Saga Pattern

When a transaction spans multiple services, you can't use a single ACID transaction. The saga pattern coordinates the sequence and provides compensation steps for rollback.

The distributed transaction problem

You're processing an order. You need to: charge the customer, reserve inventory, schedule shipping, send a confirmation email. Each lives in a different service with its own database. There is no single ACID transaction across them.

Two-phase commit (2PC) tries to coordinate, but it locks resources, slows everything down, and breaks horribly under partition. Most modern systems avoid it.

The saga pattern is the practical alternative.

The idea

Break the long transaction into a sequence of local transactions. Each step does something and emits an event. The next step listens, does its thing, emits an event.
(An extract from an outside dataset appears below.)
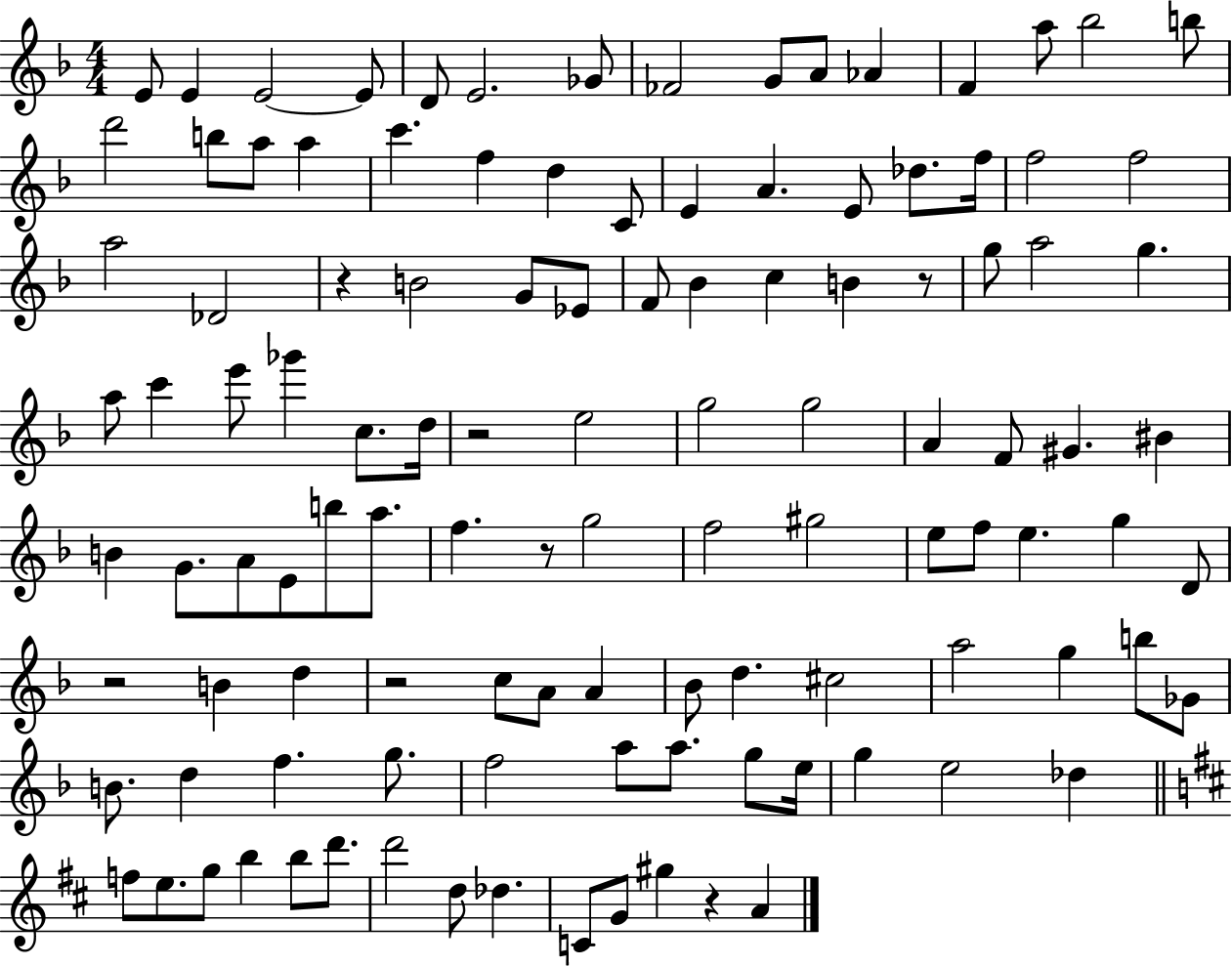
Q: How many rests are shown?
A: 7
If any step fails, run compensating transactions to undo the work done so far.

Two flavors

Choreographed saga. No central coordinator. Each service listens for events and reacts. Pure event-driven. Pros: decentralized, no single point of failure. Cons: hard to see the full flow; debugging is painful.

Orchestrated saga. A central orchestrator (Temporal, Camunda, AWS Step Functions, or a custom service) tells each step what to do. Pros: clear flow, easier to debug, easier to add new steps. Cons: orchestrator becomes a critical service.

SAGA WITH COMPENSATION Charge card ✓ Reserve stock ✓ Ship order ✗ Send email step 3 fails → run compensations → Refund card Release stock (nothing to undo)
If a step fails, run compensations in reverse to undo the previous successful steps.

Designing compensations

Each step needs an inverse. "Charge card" is undone by "refund card". "Reserve stock" by "release stock". "Send email" by, well, you can't unsend an email. Some actions have no real inverse; the saga has to either tolerate them or only do them at the very end.

Compensations are not free transactions. A refund is not exactly a charge in reverse (fees, banking timing). The saga reaches a consistent end state, but not necessarily the original state.

Idempotency is mandatory Steps and compensations might be retried. They must be idempotent. Charging the card twice or refunding twice is exactly the kind of bug that ruins trust.

When to use sagas

When not to: simple CRUD, single-service work, anything truly atomic. Don't fan out a tiny operation just to use a saga.

Tools

Temporal is the most popular orchestration platform today. It handles retries, timeouts, state, and resumption out of the box. AWS Step Functions for AWS-native shops. Camunda for BPMN-style workflows. For choreographed sagas, plain Kafka with careful event design.

Sagas trade ACID for eventual consistency with explicit compensation. They're a heavier mental model than transactions but the only realistic option in distributed systems. Design the steps and compensations together; that's where the bugs hide.